Problem requirements –
Once you reach the line containing "Appartement te huur - Foto 2", write out that line and every remaining line of the records exactly.

BEGIN Data shown

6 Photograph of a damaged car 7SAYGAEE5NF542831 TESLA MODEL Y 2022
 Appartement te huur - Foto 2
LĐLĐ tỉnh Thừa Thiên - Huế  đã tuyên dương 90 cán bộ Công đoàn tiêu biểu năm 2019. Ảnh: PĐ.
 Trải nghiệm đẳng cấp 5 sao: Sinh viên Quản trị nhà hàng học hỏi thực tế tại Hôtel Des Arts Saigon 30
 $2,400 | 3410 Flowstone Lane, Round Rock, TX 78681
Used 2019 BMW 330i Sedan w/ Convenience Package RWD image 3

END Data shown

Completed exercise –
 Appartement te huur - Foto 2
LĐLĐ tỉnh Thừa Thiên - Huế  đã tuyên dương 90 cán bộ Công đoàn tiêu biểu năm 2019. Ảnh: PĐ.
 Trải nghiệm đẳng cấp 5 sao: Sinh viên Quản trị nhà hàng học hỏi thực tế tại Hôtel Des Arts Saigon 30
 $2,400 | 3410 Flowstone Lane, Round Rock, TX 78681
Used 2019 BMW 330i Sedan w/ Convenience Package RWD image 3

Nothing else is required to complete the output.